## [Records drawn from a dataset]
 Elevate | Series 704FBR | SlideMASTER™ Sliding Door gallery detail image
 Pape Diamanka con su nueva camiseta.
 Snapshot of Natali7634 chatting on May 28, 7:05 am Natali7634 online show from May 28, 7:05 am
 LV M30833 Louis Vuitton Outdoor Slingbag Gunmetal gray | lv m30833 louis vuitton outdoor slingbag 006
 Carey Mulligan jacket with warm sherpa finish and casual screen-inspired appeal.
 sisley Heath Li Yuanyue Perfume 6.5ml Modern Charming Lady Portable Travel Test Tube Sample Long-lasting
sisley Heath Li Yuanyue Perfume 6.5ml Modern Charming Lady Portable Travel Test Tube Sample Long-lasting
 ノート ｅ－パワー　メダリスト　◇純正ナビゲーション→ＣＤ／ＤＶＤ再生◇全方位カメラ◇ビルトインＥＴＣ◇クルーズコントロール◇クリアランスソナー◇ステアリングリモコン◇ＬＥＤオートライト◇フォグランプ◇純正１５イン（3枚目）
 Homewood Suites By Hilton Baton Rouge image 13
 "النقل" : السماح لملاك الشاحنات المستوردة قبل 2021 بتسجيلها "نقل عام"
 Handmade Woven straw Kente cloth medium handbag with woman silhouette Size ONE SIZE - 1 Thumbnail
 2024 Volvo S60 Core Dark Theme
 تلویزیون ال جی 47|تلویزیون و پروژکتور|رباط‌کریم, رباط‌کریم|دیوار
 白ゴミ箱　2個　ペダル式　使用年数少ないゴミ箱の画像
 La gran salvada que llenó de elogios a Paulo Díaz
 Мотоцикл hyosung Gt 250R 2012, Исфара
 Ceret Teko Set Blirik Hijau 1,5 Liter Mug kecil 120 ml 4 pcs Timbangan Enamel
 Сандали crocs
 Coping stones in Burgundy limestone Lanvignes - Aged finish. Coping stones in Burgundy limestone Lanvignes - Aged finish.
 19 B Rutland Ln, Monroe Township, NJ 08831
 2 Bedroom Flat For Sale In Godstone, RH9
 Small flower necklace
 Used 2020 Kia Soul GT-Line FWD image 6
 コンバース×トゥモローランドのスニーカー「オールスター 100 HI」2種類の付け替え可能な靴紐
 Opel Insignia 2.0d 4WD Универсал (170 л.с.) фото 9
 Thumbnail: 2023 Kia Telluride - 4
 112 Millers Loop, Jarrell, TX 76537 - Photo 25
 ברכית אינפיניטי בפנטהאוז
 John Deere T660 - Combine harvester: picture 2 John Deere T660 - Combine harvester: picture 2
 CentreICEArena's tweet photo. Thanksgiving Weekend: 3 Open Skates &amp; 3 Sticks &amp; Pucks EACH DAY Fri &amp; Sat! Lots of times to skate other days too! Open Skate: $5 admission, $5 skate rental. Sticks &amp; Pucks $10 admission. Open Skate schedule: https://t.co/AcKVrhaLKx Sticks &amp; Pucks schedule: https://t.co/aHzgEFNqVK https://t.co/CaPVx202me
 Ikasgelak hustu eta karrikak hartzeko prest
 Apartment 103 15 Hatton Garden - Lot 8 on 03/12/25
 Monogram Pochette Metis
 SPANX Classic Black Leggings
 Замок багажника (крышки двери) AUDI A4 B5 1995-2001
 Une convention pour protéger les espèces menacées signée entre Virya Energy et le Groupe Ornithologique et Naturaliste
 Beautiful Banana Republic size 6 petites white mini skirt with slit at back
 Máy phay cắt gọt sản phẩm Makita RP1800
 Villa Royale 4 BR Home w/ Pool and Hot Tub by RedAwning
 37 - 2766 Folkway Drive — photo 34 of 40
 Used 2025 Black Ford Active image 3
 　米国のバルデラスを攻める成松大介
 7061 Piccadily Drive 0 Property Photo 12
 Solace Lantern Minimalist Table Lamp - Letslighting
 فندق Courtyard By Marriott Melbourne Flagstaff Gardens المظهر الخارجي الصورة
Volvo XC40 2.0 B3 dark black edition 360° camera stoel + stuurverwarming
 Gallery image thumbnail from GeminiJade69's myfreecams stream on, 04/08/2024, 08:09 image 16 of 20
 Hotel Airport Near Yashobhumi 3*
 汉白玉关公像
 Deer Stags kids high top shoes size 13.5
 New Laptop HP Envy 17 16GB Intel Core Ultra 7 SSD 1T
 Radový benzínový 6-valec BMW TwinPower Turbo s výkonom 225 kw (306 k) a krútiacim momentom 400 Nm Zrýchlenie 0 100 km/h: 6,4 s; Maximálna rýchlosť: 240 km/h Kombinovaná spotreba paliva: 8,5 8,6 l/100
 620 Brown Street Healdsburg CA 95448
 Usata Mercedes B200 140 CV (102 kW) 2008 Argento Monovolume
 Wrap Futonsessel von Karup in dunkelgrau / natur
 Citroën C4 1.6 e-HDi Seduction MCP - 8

## [Task item]
Your reply should be a single number: how many lines in the entries above hold the string "Used".

## [Response area]
2